As I said, I think that your general line of questioning is valid. I champion the approach taken by the likes of Frantz Fanon, Edward Said and so on. Regarding inter-racial relationships, as a white man I’m unlikely to be accused of socio-political motivations or racial insecurities in the same way that a black man dating a white woman might be. I find that problematic. I’m not arguing that these forces do not exist, often unconsciously as you say, or that they do not require careful analysis, I’m simply wary of treating them as universally applicable. You wasn’t suggesting this of course, and I’m not entirely sure how I’d interpret some of Prince’s actions, but it’s an important caveat nonetheless.
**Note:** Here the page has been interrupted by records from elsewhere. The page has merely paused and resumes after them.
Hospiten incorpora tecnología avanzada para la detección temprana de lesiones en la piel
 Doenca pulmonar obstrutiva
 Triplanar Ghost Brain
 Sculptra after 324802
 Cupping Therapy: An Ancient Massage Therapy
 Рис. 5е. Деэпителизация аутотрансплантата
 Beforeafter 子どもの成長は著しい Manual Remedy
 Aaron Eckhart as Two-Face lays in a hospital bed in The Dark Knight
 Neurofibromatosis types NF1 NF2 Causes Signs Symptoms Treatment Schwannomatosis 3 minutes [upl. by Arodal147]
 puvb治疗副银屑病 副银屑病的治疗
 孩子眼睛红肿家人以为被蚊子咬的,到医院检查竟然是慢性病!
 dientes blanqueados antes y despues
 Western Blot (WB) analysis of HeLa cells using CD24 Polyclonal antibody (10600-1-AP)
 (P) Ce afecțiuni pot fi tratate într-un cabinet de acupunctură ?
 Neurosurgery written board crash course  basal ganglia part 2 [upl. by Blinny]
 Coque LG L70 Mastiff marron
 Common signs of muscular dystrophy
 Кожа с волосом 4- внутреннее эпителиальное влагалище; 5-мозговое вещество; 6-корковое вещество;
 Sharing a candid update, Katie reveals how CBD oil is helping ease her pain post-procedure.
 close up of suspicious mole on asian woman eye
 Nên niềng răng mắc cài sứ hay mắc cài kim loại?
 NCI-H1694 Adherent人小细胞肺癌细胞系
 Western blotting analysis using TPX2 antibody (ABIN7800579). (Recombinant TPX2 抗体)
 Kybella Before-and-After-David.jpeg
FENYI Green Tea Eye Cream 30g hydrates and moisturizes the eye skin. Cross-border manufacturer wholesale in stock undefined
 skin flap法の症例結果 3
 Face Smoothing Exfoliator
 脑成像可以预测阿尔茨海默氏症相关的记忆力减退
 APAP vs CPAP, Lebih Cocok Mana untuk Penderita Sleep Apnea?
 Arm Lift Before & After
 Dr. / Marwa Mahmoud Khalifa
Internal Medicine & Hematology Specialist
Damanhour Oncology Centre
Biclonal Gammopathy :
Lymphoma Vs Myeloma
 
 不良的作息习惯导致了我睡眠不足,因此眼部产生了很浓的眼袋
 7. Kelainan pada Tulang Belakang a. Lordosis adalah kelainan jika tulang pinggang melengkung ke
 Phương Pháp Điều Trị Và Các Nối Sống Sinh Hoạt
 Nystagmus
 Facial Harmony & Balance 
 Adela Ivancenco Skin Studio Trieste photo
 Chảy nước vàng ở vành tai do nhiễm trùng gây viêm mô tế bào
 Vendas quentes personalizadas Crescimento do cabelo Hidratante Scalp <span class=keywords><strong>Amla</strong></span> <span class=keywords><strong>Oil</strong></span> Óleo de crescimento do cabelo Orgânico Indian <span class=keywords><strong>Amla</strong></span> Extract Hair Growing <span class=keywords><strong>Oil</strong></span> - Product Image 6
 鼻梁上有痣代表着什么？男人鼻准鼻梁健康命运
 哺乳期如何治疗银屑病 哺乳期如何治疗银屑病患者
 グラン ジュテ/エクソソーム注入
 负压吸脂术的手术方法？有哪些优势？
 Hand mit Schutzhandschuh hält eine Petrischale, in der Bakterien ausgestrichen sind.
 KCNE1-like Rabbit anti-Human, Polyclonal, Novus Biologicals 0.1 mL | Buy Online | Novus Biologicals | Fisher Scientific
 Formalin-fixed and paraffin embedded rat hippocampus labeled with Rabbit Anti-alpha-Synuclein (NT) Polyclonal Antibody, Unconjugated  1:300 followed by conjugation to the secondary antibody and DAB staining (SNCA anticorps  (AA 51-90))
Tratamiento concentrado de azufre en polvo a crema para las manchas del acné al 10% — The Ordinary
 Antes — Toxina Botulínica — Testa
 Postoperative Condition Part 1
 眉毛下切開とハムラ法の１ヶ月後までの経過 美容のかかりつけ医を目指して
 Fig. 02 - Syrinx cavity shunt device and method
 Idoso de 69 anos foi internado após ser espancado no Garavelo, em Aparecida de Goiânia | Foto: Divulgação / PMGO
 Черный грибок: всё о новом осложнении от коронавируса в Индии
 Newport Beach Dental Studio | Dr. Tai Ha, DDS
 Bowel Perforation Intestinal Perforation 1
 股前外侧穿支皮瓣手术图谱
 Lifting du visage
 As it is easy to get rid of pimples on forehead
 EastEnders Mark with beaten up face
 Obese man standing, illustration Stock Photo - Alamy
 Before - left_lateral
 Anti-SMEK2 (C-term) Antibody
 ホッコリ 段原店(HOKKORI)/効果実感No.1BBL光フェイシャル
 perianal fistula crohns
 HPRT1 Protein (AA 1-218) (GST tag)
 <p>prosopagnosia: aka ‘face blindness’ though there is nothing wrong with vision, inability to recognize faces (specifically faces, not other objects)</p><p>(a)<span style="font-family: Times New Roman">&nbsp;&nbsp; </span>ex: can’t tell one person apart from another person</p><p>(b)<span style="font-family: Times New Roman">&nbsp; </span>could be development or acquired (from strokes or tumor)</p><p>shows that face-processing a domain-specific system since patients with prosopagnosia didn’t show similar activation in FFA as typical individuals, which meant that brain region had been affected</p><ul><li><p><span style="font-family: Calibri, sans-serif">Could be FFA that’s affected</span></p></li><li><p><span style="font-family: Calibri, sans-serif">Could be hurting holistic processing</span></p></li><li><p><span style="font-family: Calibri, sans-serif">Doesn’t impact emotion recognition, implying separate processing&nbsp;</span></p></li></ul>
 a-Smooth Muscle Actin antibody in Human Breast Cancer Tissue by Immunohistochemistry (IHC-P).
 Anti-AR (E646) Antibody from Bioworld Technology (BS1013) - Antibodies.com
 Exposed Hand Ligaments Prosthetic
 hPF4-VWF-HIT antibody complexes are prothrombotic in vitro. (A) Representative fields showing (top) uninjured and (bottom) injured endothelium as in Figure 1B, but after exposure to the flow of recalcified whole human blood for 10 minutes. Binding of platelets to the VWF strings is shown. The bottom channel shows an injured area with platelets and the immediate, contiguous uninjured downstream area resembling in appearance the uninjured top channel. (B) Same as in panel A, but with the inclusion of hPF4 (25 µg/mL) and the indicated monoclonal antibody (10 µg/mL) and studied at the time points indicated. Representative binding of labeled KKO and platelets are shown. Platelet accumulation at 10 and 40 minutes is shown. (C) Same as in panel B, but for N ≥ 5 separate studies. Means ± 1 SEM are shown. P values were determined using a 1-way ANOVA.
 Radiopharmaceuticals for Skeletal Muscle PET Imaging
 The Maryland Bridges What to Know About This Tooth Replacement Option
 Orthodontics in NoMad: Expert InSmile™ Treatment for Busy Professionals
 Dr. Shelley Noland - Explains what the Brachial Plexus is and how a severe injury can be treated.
My comments regarding individualism were not intended to negate collective movements at all, or the need for empathy and mutual support. None of us are immune from socio-political forces in the shaping of our personalities, but it’s perfectly possible for a person’s individual feelings of difference and eccentricity to far outweigh their sense of group identity (with reference to race, gender or sexuality). Unless we affirm difference at the individual level, there’s a risk that our efforts will achieve no more than equality in conformity. I’ll admit that this may seem rather abstract when there are very real material inequalities at work within society, so I value anyone who is making a thoughtful effort to combat them, as you are.

I appreciate both of your thoughtful points with the absence of personal attacks. Now if only that could become the norm for discourse around here lol .

[Edited 9/11/17 15:55pm]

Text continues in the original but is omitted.